Aim of the task:
Your answer should repeat exactly the line containing "2FMDK3JC5CBA02878 · 2012 FORD EDGE · 5/12" and all lines after it through the end of the material below, with no other text.

Supplied data:
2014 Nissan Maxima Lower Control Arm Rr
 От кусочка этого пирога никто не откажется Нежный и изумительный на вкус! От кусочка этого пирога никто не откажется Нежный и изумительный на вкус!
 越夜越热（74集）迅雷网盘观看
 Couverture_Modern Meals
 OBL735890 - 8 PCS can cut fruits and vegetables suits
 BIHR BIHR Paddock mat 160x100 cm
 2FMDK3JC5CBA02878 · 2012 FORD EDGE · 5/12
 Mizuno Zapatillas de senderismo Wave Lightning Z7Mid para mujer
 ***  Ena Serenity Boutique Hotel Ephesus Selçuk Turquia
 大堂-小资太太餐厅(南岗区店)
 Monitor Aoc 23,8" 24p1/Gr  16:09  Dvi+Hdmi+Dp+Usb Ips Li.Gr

Problem solution:
 2FMDK3JC5CBA02878 · 2012 FORD EDGE · 5/12
 Mizuno Zapatillas de senderismo Wave Lightning Z7Mid para mujer
 ***  Ena Serenity Boutique Hotel Ephesus Selçuk Turquia
 大堂-小资太太餐厅(南岗区店)
 Monitor Aoc 23,8" 24p1/Gr  16:09  Dvi+Hdmi+Dp+Usb Ips Li.Gr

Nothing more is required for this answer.